Allan Johns

Personal information
- Date of birth: 13 June 1925
- Date of death: 25 June 2012 (aged 87)

Senior career*
- Years: Team / Apps / (Gls)
- 1943–1959: Adamstown Rosebud / 310

International career
- 1948–1950: Australia / 10 / (6)

= Allan Johns =

Australian soccer player (1925–2012)

Allan Johns (13 June 1925 – 25 June 2012) was an Australian soccer player who played for Adamstown Rosebud. Johns played 10 full international matches for Australia.

==Club career==
Johns began playing at high school, before joining Adamstown Rosebud, the club where his father Harold had played with in the 1920s. After playing junior football with Rosebud, he made his senior debut for the club in 1943.

In 1954, a testimonial match was played in Johns' honour and several players travelled from Brisbane and Sydney to attend.

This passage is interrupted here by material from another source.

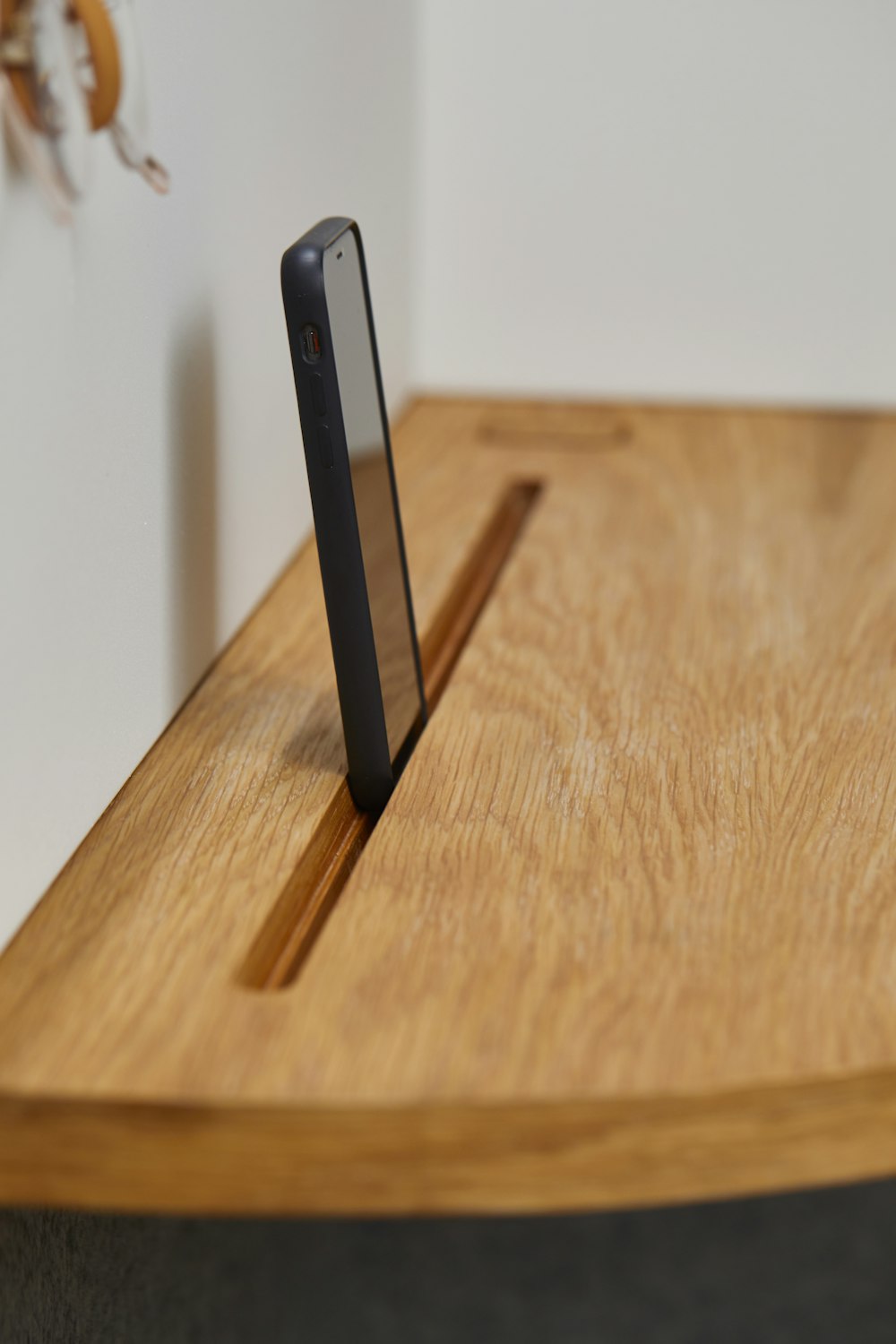 black smartphone on brown shelf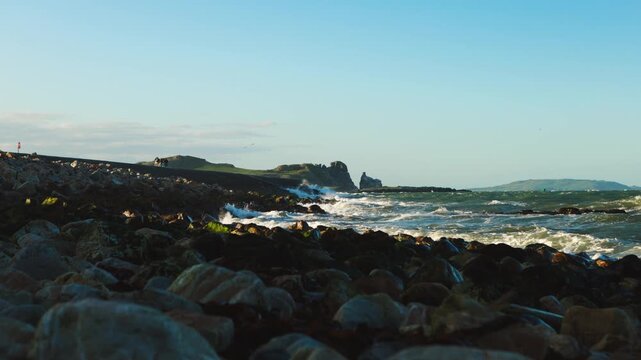 People Walking Along Howth Pier as Waves Crash Against the Rocky Shore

He retired from playing 1959, having played over 300 times for Rosebud.

==International career==
Having already represented the state of New South Wales in 1946, Johns was selected for Australia's 1948 tour of New Zealand, where he made his national team debut in a 6–0 defeat of the local team in Wellington.

==Post-playing career==
Johns served as president of Adamstown Rosebud in 1963 and 1964.

==Later life and legacy==
Johns received a number of honours in his later life. He was in the inaugural intake of the Australian Soccer Hall of Fame (later renamed the Football Australia Hall of Fame) in 1999. In 2002, the new grandstand at Adamstown Oval was named in his honour.

Johns died on 25 June 2012, aged 87.